Solved: Re: Failback steps for recovered VMs

cswaters1 · ‎03-31-2009

Hi,

I've just been reading the admin guide and some 3rd party vendor documents on reconfiguring SRM for failback for use in a production design.

I notice that there are steps in the admin guide to shut down all virtual machines that were recovered to recovery site as part of a completed failover (see attachment). The steps guide you to remove the placeholder VM files on the array and delete any files/directories in vCenter at the recovery site that contains VM configuration files created during the protection group creation.

This would mean this if you were performing an 'assisted failback' you would need a system outage for all recoverd VMs for the time it takes to complete all reconfiguration tasks and perform a test failback?
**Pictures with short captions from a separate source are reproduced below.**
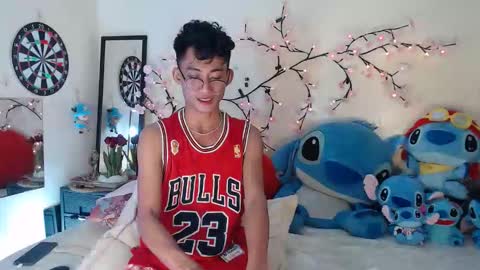 Snapshot of bad_boy_in_bed chatting on December 14, 9:30 pm jay online show from December 14, 9:30 pm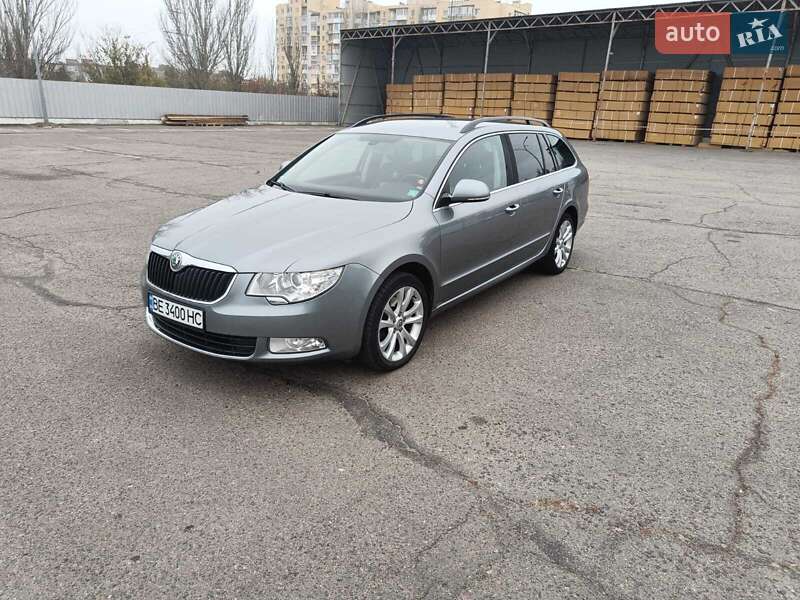 Универсал Skoda Superb 2011 в Николаеве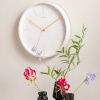 Bílé kovové nástěnné hodiny Saeli 35 cm -fv-interier-25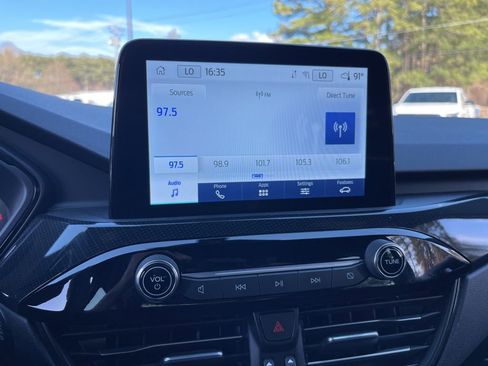 Used 2025 Ford Escape ST-Line image 13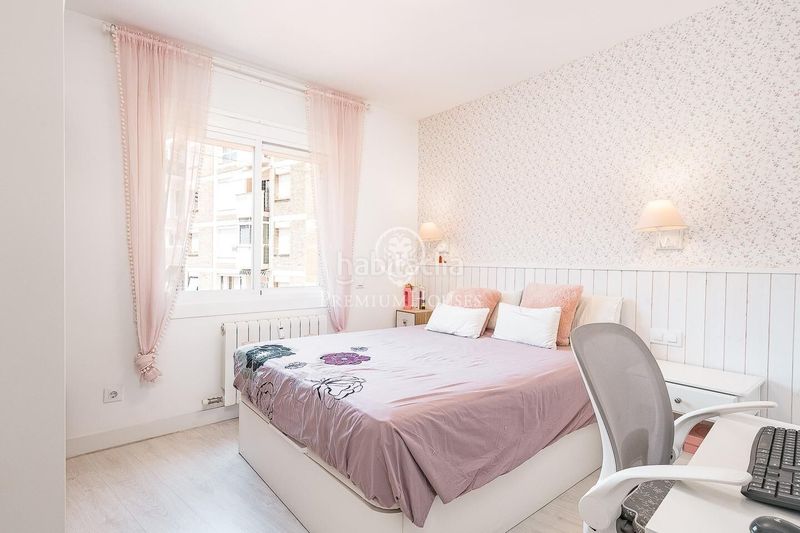 Foto 08613ce5-0453-48a4-8807-d4db5e20bb4a. Apartament amb calefacció aparcament a La Nova Esquerra de l´Eixample Barcelona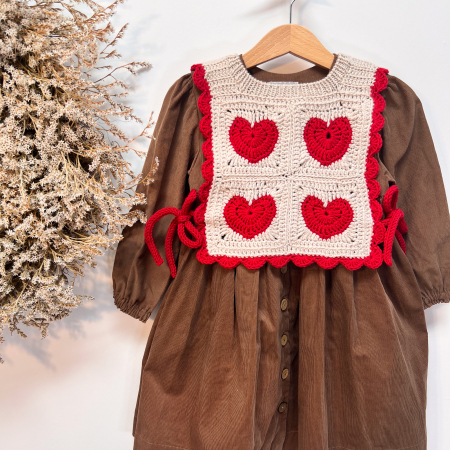 Lână si Alpaca - Vesta crosetata cu inimioare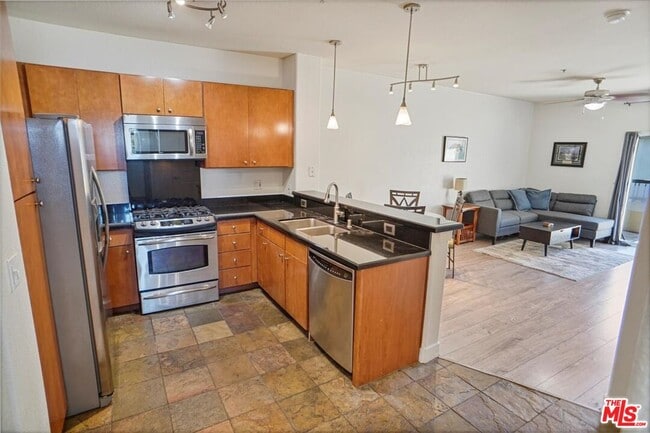 Building Photo - 24535 Town Center Dr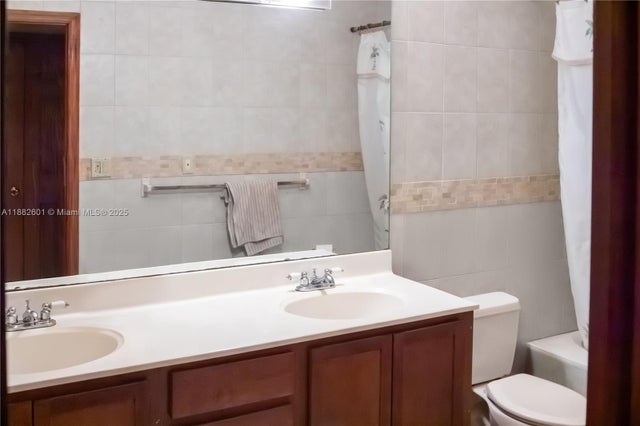 5 of 17 - 2051 Nw 179th St, Miami Gardens, FL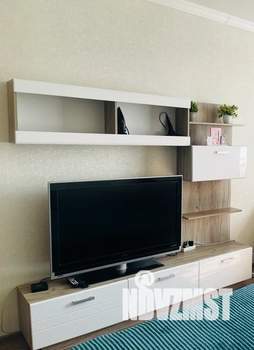 1-к квартира, посуточно, 40м2, 1/16 этаж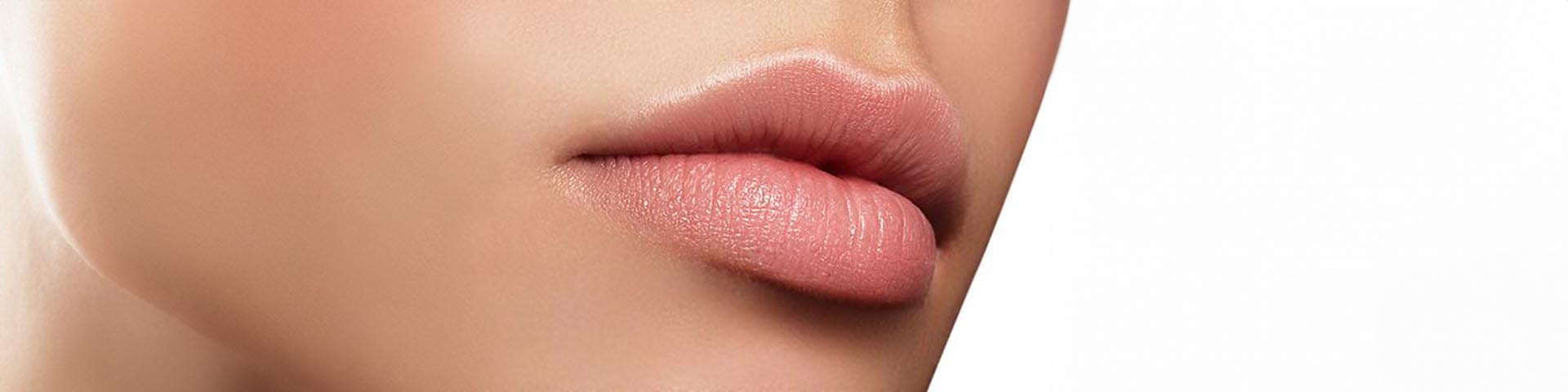 Et nærbilde av en kvinne med fyldige, vakre lepper.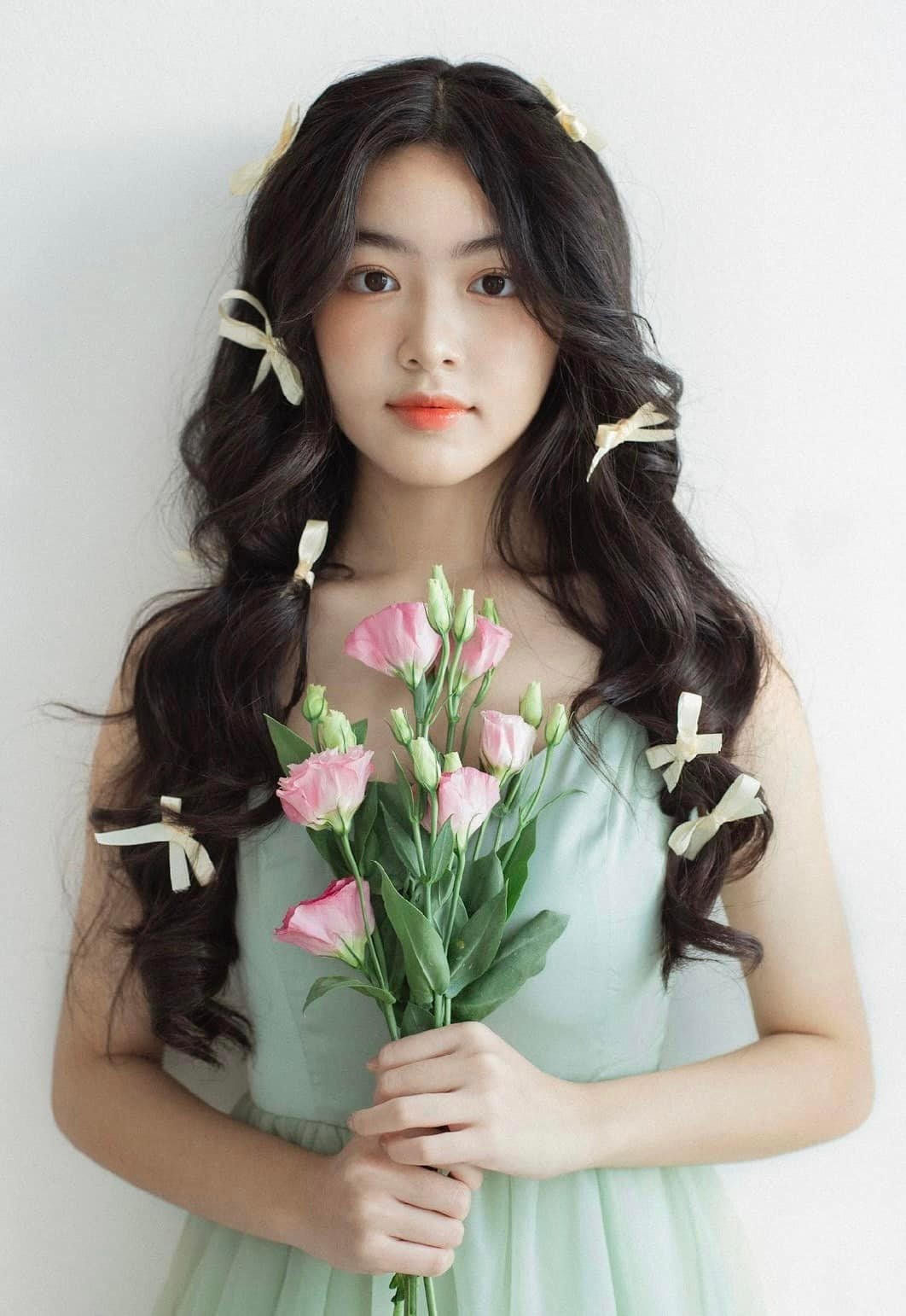 Con gái Quyền Linh sở hữu vẻ đẹp trong trẻo, đáng yêu. Ảnh: FBNV Con gái Quyền Linh sở hữu vẻ đẹp trong trẻo, đáng yêu. Ảnh: FBNV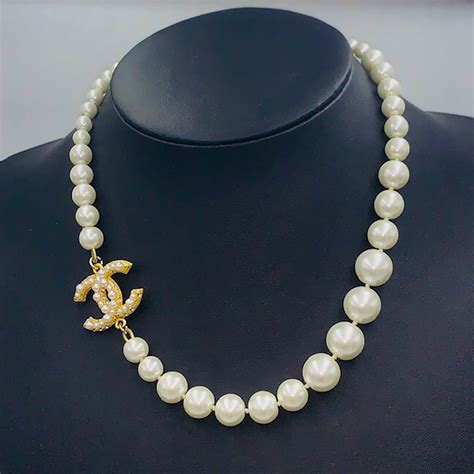 chanel pearl charm necklace|Chanel pearl necklace vintage.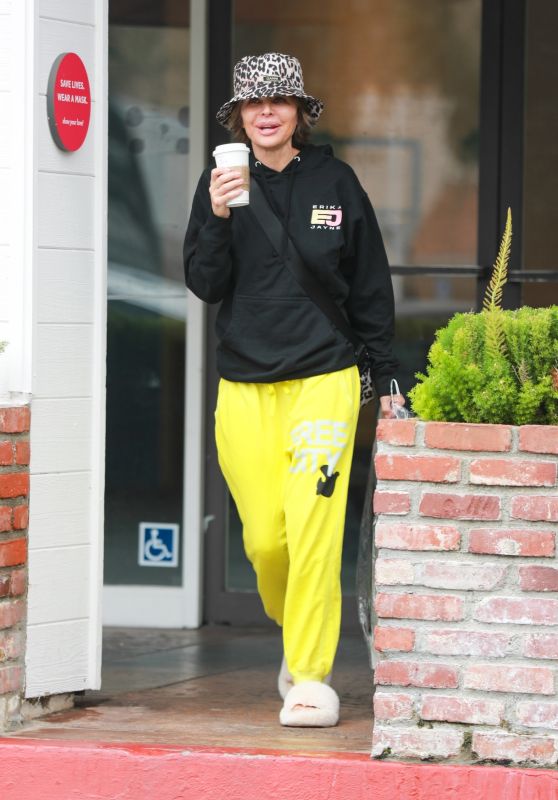 Lisa Rinna in Comfy Outfit in Los Angeles 09/16/2023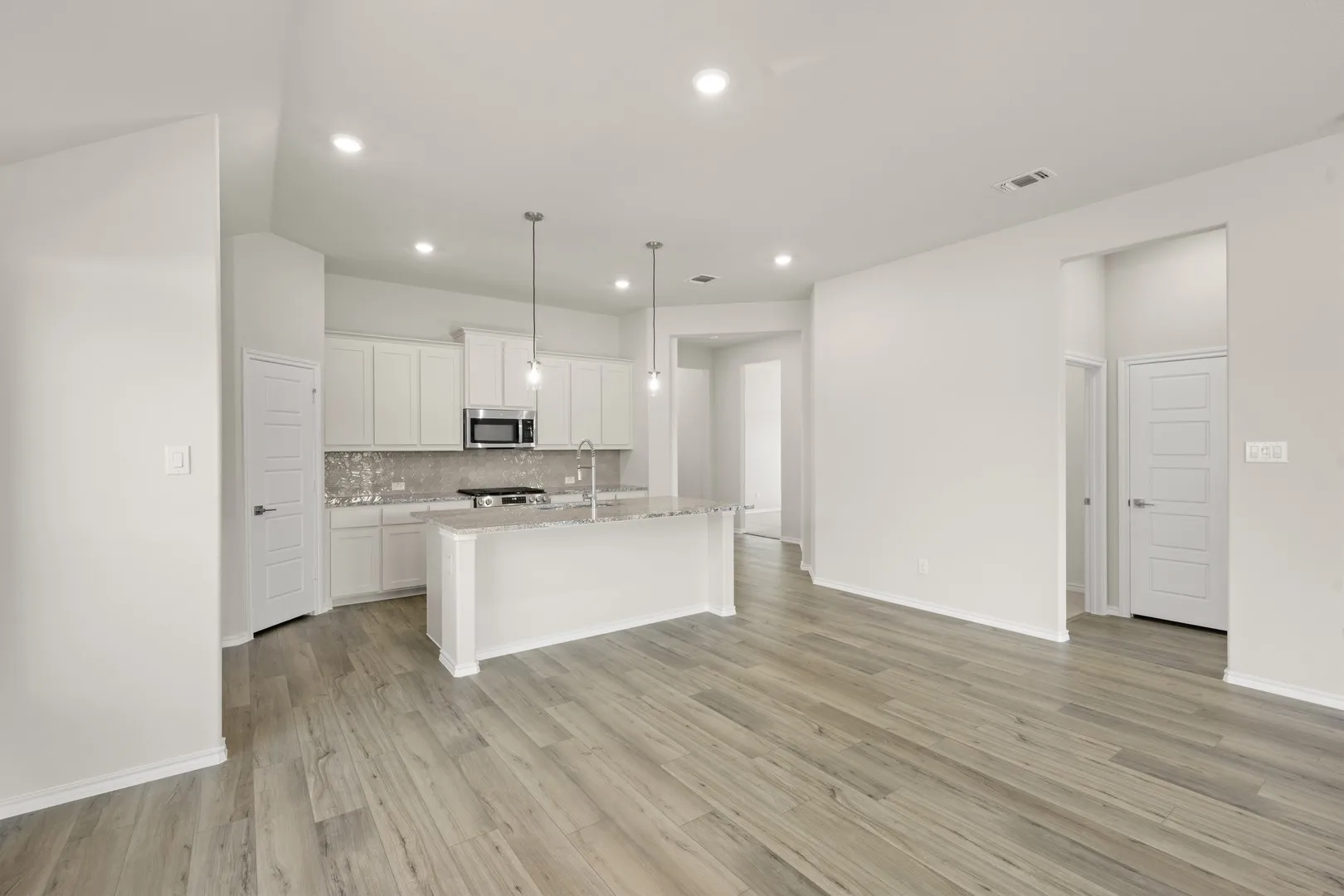 DFW-Hunters Ridge -Concept 1937-1004 Birchwood Drive-Breakfast nook-Risewell Homes-1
Is this correct or is this just a cut and paste from the evaluation guide where we don't care about system outages as it's eval?

We use EMC CLARiiONs for storage and I've reviewed the H5583-VMware_Site_Recovery_Manager_with_EMC_CLARiiON_CX3_and_MirrorViewS_Implementation (see attachment)- this document doens't mention any of these steps at all.

Can anyone who has sucessfully completed a failback comment?

Surely the placeholder VM files on the storage array and any folders/directories in vCenter can be removed after the failback is completed, that way all changes can be made while the recovery VMs are up and running, and no downtime will be experienced by the business? -isn't that what the outcome you would want in this situation?

Look forward to your opinion on this subject.

Craig.

Craig Waters | vExpert | Melbourne VMware User Group Leader | website: craigwaters.org | twitter: @cswaters1

bladeraptor · ‎04-14-2009

Hi Craig

The word from Chad is the target date and this point, but subject to change, is June

This is in no way a comittment to make the functionality avaialble at that time - but the engineering teams are looking at that sort of time frame

Hope that helps

Kind regards

Alex Tanner

View solution in original post

cswaters1 · ‎04-03-2009

No comments then? Come on guys, give us some direction here, help out a budding architect (spare any change)?

Craig Waters | vExpert | Melbourne VMware User Group Leader | website: craigwaters.org | twitter: @cswaters1

Smoggy · ‎04-03-2009

Hi Craig,

I am sure your lack of replies was a friday afternoon'ism

Your basic understanding of the failback process is correct during failback when the storage is being reveresed you will need to bring down your VM's that you want to failback. Usually you would not do this en-mass since you would failback certain groups of luns at a time in a pre-defined order, probably same order you used to failover as that usually represents the "priority" of the VM's to your business.

I need an example to explain but lets say we start with Site1 (Protected) and LUNA replicated to LUNA-REP Site2.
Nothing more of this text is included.